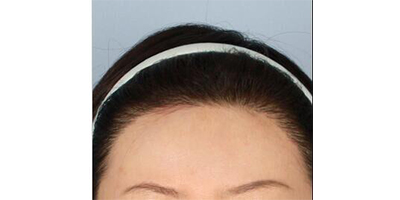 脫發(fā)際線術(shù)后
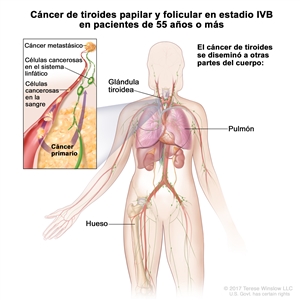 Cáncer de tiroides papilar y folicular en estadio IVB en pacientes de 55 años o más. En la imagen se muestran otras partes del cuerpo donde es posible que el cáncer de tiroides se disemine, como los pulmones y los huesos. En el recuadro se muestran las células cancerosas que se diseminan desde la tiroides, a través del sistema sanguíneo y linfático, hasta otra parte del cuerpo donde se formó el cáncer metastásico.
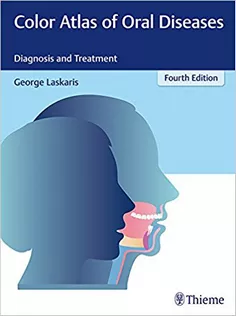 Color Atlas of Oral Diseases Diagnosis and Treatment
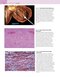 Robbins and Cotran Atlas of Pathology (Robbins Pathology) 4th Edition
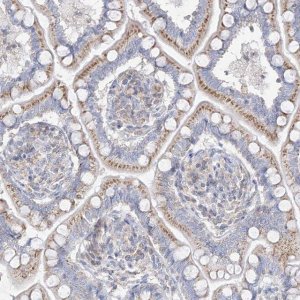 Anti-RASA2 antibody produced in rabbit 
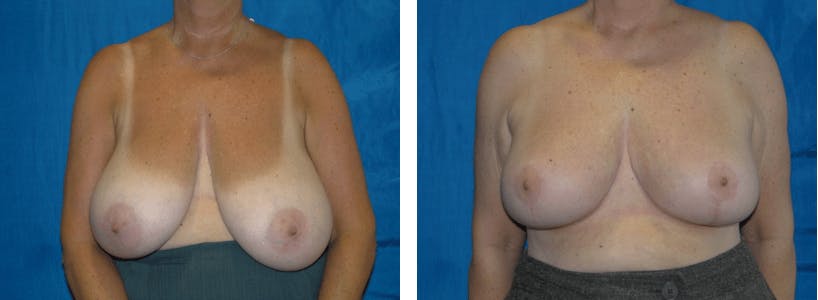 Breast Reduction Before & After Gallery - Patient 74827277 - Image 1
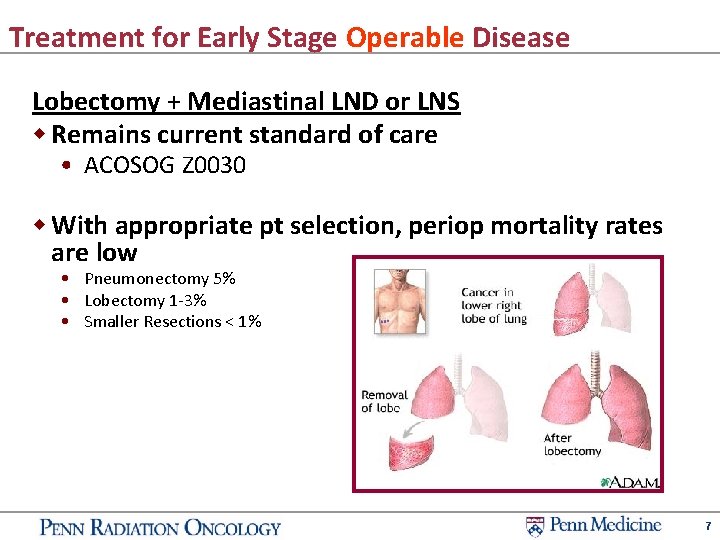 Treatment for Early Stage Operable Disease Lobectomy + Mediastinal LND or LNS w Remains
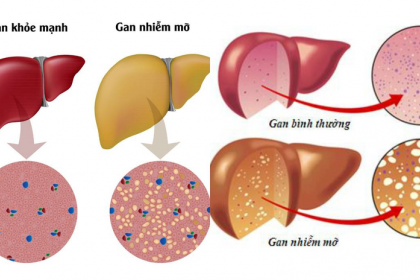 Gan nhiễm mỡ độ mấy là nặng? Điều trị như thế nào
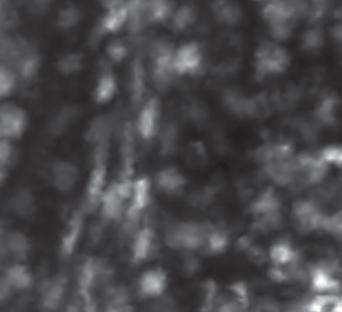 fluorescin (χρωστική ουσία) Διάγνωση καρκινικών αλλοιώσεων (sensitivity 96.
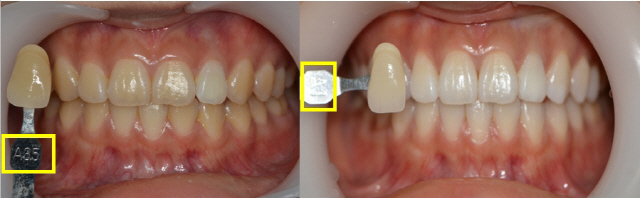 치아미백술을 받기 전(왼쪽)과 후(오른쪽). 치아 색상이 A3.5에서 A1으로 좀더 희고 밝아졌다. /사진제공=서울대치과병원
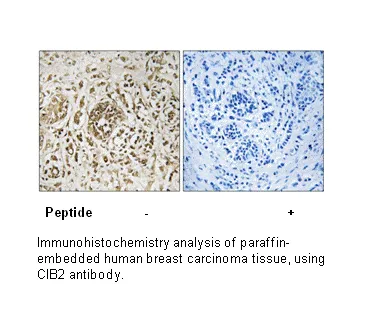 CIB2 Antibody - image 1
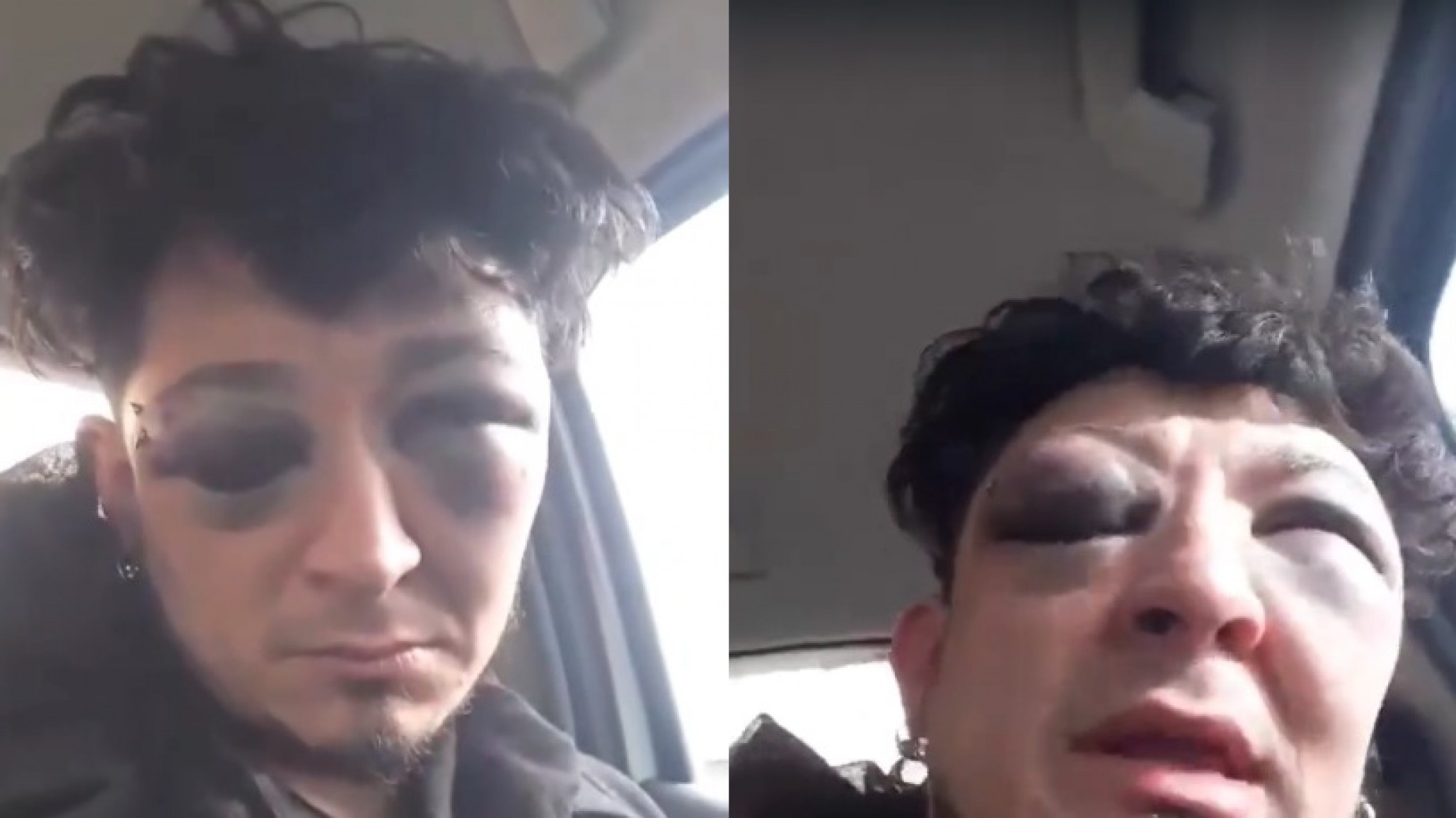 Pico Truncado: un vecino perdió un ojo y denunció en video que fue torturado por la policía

-----

## Exercise instructions
Transcribe exactly the line containing "Cáncer de tiroides papilar" and every line after it through the end of the listing above; pictures are not part of the copy.

## Solved problem
 Cáncer de tiroides papilar y folicular en estadio IVB en pacientes de 55 años o más. En la imagen se muestran otras partes del cuerpo donde es posible que el cáncer de tiroides se disemine, como los pulmones y los huesos. En el recuadro se muestran las células cancerosas que se diseminan desde la tiroides, a través del sistema sanguíneo y linfático, hasta otra parte del cuerpo donde se formó el cáncer metastásico.
 Color Atlas of Oral Diseases Diagnosis and Treatment
 Robbins and Cotran Atlas of Pathology (Robbins Pathology) 4th Edition
 Anti-RASA2 antibody produced in rabbit 
 Breast Reduction Before & After Gallery - Patient 74827277 - Image 1
 Treatment for Early Stage Operable Disease Lobectomy + Mediastinal LND or LNS w Remains
 Gan nhiễm mỡ độ mấy là nặng? Điều trị như thế nào
 fluorescin (χρωστική ουσία) Διάγνωση καρκινικών αλλοιώσεων (sensitivity 96.
 치아미백술을 받기 전(왼쪽)과 후(오른쪽). 치아 색상이 A3.5에서 A1으로 좀더 희고 밝아졌다. /사진제공=서울대치과병원
 CIB2 Antibody - image 1
 Pico Truncado: un vecino perdió un ojo y denunció en video que fue torturado por la policía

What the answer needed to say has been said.